If it needs any major repairs you might need to pick it up cheaper then 89

Just my 2 cents…

Your assuming that you have to get $100 a unit. Why? The rent for your place is roughly $400/unit. You want 25% cash flow? Unless you really have a sweet deal, 25% cash flow won’t happen unless you have a real low mortgage payment in relation to rent receipts.

While many people start looking at per unit cash flow, it depends on the market. Some areas $100/ unit is high. For others, $100/unit is very low. In some areas investors won’t look at a deal unless it makes at least $100 a unit, or $250 a unit. In other places $50 a unit is fantastic. Part of it depends on the over all numbers. If you buy a 20-unit for $5,000,000 then $100/unit is very weak. But that is not what you are looking at. You are looking at an $89k, 6-unit. Different numbers, different circumstances, and a positive CF of $305 is nice.

I know a lot of people who would kill to get a 13.26 positive cash flow. That equates into a great investment, assuming all of your due diligence shows that the building and all of the rental contracts/tenants are good.

As far as the county appraisal - I would put almost no stock in it.

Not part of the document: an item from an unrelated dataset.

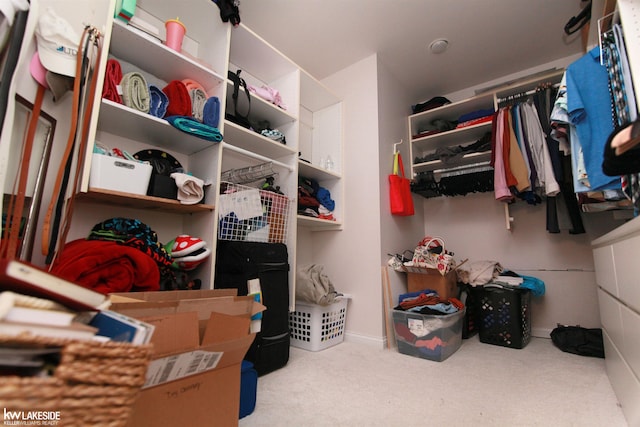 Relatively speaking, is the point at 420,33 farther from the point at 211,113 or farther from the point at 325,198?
the point at 211,113

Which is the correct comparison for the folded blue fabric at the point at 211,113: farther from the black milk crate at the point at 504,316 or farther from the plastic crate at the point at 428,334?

The best way to determine the value of the property is to check out the rental rates for similar apartments in the area you are buying in. Are the rates for the apartments at market? A little high? A little low? At market, you have a good investment. Above market, I would be worried (the seller might be playing games with the numbers or the rental contracts to pump up the value). Or they me be a little low. If they are low, you have a potential home run!

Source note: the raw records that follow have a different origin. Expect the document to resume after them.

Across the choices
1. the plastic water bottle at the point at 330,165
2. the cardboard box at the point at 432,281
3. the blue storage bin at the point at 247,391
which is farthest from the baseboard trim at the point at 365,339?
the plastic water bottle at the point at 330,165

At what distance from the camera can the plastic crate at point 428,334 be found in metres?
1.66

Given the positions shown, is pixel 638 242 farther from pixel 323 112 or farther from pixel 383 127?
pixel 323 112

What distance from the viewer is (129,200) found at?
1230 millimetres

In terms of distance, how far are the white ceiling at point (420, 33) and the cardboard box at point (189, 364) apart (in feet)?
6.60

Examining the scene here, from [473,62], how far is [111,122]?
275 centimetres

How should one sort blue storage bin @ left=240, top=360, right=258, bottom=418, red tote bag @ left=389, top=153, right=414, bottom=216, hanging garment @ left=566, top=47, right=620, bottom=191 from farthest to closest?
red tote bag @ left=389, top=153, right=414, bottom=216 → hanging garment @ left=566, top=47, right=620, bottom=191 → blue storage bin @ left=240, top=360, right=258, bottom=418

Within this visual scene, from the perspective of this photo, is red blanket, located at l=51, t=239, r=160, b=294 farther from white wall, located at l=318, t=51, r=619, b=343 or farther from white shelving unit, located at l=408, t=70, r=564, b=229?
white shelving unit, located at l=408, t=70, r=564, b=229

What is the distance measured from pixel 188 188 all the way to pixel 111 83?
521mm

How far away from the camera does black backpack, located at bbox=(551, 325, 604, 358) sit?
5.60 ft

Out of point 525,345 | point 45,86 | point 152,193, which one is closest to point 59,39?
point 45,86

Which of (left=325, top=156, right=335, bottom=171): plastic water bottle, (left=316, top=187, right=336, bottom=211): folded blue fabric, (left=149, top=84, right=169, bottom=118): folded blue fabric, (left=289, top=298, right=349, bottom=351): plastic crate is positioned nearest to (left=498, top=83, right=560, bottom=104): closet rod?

Things like the 2% rule and a set amount for unit are only screening tools. You have to look at the details to see.

<<This property is worth 112k, this is county appraisal, This is possibly 15% low.>>

If you are going to be an investor, get this out of your head!!! See a priest and get an exorcism! What the propertry is WORTH and what the county TAX APPRAISAL is are in now way tied to one another! They may be exactly the same, they may be off a little, or they may be off dramatically, but know that they are derived differently and they don’t necessarily correlate!

Keith

maybe i am crazy and if so i will get over it but from what i read you said…
mtg payment = $845 a mth
present rents = $2300 a mth

in the lil small town of 6 million i live in called houston that leaves $1455 (minus exp. & maint)

that IMO (possibly crazy one) is a pretty good deal especially if you can do this deal without putting a huge down payment on it… maybe 5% with a seller 2nd of 5% would make it a bang up deal!

Also as one poster said, NEVER look at the tax districts estimate as an indicator of value as it is NEVER right IMO. That said, multi family properties are valued based on the cash they generate!

txshortsaleking,

Throughout the United States, operating expenses run 45% to 50% of the gross rents. Therefore, with gross rents of $2,300 per month, the operating expenses would be $1,150 and the NOI would be $1,150. $1,150 - $845 = $305, which is too low in my opinion for a 6 unit.

TxNoobInvestor,

You aren’t doing anything wrong. You just need to figure out what price you can pay to get the $100 per unit per month cash flow. I don’t know where you came up with your mortgage numbers. I just closed on 11 units on Friday with a commercial loan and the rate was 7.25%. If you could get the purchase price down to $89K with a 30 year term and 7.25% interest, the mortgage payment would be $607. That gets you very close to the $100 per unit per month you’re looking for. $82,000 would just about do it!!!

Good Luck,

Mike

Mike,

Loan term is 15 years @ 7.9% this is with a small local back. I can get a secondary loan @ 6.2% for 15 years, But I kinda wanted to keep everything with the bank.

Thanks

Mike,

Forgot to add that the bank will not go more then 15 years on investment property for some reason. I might need to look into another bank.